DATA PROVIDED:
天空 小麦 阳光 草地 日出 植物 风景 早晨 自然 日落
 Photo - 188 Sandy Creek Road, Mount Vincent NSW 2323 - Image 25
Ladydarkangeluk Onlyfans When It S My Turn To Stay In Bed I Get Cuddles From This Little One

YOUR GOAL: Please output the listing in full, exactly as it was given above.

ANSWER TO THIS EXERCISE:
天空 小麦 阳光 草地 日出 植物 风景 早晨 自然 日落
 Photo - 188 Sandy Creek Road, Mount Vincent NSW 2323 - Image 25
Ladydarkangeluk Onlyfans When It S My Turn To Stay In Bed I Get Cuddles From This Little One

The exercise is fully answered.